"ça me révolte" par abdoulaye villard sanogo: Chaque monde a sa croissance

Mercredi 3 Avril 2013 - 07:32


"ça me révolte" par abdoulaye villard sanogo: Chaque monde a sa croissance
Ici, il y a deux regards, deux explications de la même réalité pour deux mondes. L’un, fait des bénéficiaires d’un système politique corrupteur et corrompu jusqu’aux os, recrute ses membres sur la base de ce que les Italiens appellent nepostismo. Une doctrine vaticane qu’affectionnaient certains papes qui faisaient des faveurs particulières à leurs neveux, frères, cousins et autres membres de la famille.
Dans ce monde particulièrement sourd et aveugle aux questions de société et à notre survie, on n’a jamais su écrire le mot galère. Du moins fait-on semblant de ne l’avoir jamais rencontrée au détour d’une rue. Anciens et nouveaux riches (surtout) mordent la vie à pleines dents. La chaleur de ces derniers temps, ils ne la connaissent pas. De la maison climatisée jusqu’aux toilettes, ils s’engouffrent dans leurs cylindrées toutes aussi climatisées que leurs bureaux. Même si la CIE s’adonne à son jeu favori de coupure intempestive d’électricité, ils n’en savent rien. Ils ont tout prévu. Un moteur essence, parqué dans un coin de la cour, prend immédiatement le relais.
Dans cet environnement propice au rêve, à tous les rêves, ils peuvent parler, avec fierté, de la croissance qui n’arrête pas de courir pour se hisser au sommet du Mont Korhogo. Mais ne vous y trompez pas ! La croissance, ici, se mesure au nombre de contrats signés de gré à gré, au dépens des nationaux, avec des entreprises étrangères. La croissance se mesure à la hauteur du pot de vin reçu lors de la signature de ces contrats. La croissance, qu’elle soit à 8 ; 9% ou à deux chiffres, est d’abord fonction du dépôt de chacun des membres de ce monde dans sa banque. Une banque généralement située dans un pays industrialisé.
Sinon, comment peut-on raisonnablement parler de croissance à 9% dans un pays au sud du Sahara qui ne compte que sur la France pour boucler son budget annuel alors que la France, elle-même, se démerde pour atteindre, à la fin de l’année, une croissance de 0,3% ?
L’autre monde, le second, est constitué de plus de 98% de la population.

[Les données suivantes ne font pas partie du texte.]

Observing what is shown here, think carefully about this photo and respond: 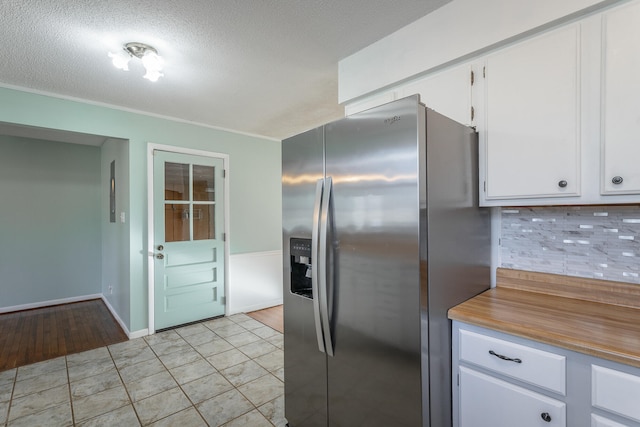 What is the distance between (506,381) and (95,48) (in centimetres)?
300

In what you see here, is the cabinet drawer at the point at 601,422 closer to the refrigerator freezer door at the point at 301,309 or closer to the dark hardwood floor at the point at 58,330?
the refrigerator freezer door at the point at 301,309

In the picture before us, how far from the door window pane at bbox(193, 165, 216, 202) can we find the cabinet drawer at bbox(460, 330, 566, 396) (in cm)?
324

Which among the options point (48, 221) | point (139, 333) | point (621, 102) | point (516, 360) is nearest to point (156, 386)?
point (139, 333)

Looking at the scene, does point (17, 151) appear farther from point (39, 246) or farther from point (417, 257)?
point (417, 257)

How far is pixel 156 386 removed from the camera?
7.75ft

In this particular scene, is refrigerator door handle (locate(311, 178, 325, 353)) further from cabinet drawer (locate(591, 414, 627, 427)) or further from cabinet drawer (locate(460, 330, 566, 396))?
cabinet drawer (locate(591, 414, 627, 427))

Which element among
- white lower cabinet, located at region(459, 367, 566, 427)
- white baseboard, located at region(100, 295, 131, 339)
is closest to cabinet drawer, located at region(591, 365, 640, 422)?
white lower cabinet, located at region(459, 367, 566, 427)

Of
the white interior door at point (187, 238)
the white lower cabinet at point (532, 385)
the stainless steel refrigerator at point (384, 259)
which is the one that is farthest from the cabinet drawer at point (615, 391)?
the white interior door at point (187, 238)

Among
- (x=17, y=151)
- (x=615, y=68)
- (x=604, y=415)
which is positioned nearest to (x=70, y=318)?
(x=17, y=151)

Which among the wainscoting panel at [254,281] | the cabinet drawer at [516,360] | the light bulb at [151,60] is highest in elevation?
the light bulb at [151,60]

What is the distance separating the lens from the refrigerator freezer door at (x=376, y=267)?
1.21 meters

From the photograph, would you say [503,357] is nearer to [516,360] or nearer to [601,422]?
[516,360]

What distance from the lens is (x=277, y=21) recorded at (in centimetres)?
181

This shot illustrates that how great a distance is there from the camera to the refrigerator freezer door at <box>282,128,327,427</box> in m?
1.61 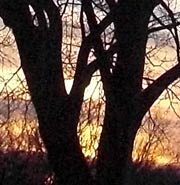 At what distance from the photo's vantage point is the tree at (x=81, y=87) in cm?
926

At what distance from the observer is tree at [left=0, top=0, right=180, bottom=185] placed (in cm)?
926

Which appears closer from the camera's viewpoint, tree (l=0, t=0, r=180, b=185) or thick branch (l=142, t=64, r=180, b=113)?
tree (l=0, t=0, r=180, b=185)

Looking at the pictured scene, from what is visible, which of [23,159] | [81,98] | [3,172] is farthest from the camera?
[23,159]

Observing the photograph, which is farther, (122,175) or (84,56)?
(84,56)

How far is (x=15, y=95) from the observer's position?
11.0 m

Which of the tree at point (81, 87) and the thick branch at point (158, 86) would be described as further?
the thick branch at point (158, 86)

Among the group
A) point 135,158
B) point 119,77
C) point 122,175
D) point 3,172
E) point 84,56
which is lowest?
point 122,175

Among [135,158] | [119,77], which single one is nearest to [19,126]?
[119,77]

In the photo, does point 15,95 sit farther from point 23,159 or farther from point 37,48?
point 23,159

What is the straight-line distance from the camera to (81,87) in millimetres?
10055

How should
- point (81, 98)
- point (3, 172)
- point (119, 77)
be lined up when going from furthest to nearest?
point (3, 172)
point (81, 98)
point (119, 77)

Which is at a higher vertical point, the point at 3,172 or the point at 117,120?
the point at 3,172

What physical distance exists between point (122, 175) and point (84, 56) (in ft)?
5.16

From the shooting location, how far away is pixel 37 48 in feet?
31.5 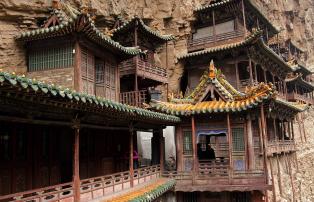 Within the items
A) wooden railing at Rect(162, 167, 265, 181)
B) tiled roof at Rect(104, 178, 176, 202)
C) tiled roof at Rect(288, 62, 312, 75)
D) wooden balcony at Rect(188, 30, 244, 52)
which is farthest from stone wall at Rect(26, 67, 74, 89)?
tiled roof at Rect(288, 62, 312, 75)

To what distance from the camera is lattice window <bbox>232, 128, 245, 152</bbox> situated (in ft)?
53.0

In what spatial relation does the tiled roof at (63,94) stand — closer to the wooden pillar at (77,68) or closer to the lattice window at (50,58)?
the wooden pillar at (77,68)

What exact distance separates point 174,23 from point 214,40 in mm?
4351

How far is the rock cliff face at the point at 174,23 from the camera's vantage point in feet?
50.4

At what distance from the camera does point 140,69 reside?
21672 mm

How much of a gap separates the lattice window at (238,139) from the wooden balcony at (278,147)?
167 inches

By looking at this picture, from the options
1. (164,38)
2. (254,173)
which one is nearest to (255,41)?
(164,38)

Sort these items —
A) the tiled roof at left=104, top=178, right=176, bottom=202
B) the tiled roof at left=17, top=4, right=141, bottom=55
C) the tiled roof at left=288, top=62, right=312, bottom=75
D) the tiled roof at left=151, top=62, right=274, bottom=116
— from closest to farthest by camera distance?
the tiled roof at left=104, top=178, right=176, bottom=202, the tiled roof at left=17, top=4, right=141, bottom=55, the tiled roof at left=151, top=62, right=274, bottom=116, the tiled roof at left=288, top=62, right=312, bottom=75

Ce sont des élèves, des écoliers, des étudiants, des paysans, des agriculteurs, des planteurs, des ferronniers, des bouchers, des pêcheurs, des enseigants, des médecins, des infirmiers, des vendeuses, des cireurs de chaussures mais aussi des prostituées et des croque-morts.
Pour ce monde, la croissance ramène à une seule réalité : les prix des produits qui croissent sur le marché. Au point que de 1200 FCFA, le kilogramme de viande est passé à 2500 FCFA et le kilo de riz de 500 à 800 voire 1000 FCFA. Mais aussi la banane braisée et la noix de coco qui se vendent aujourd’hui à 150 F au lieu de 50 à 75 F récemment. Comment peut-on oublier, le litre d’huile qui est passé du simple au bouble ? 600 F il y a à peine deux ans, 1200 F aujourd’hui. Voilà ce qui, pour ce monde, est une croissance. Mais pas n’importe laquelle. Une croissance à deux chiffres. Au point de faire dire à un artsite que, s’il y a quelques années 1+1=2, aujourd’hui 1+1=4. La croissance est vraiment à deux chiffres.
Quand dans un pays, le fossé entre l’élite dirigeante et la population vient à être aussi grand que celui que nous constatons ici, c’est que les dirigeants sont des incapables, des corrompus qui finissent toujours par dégager.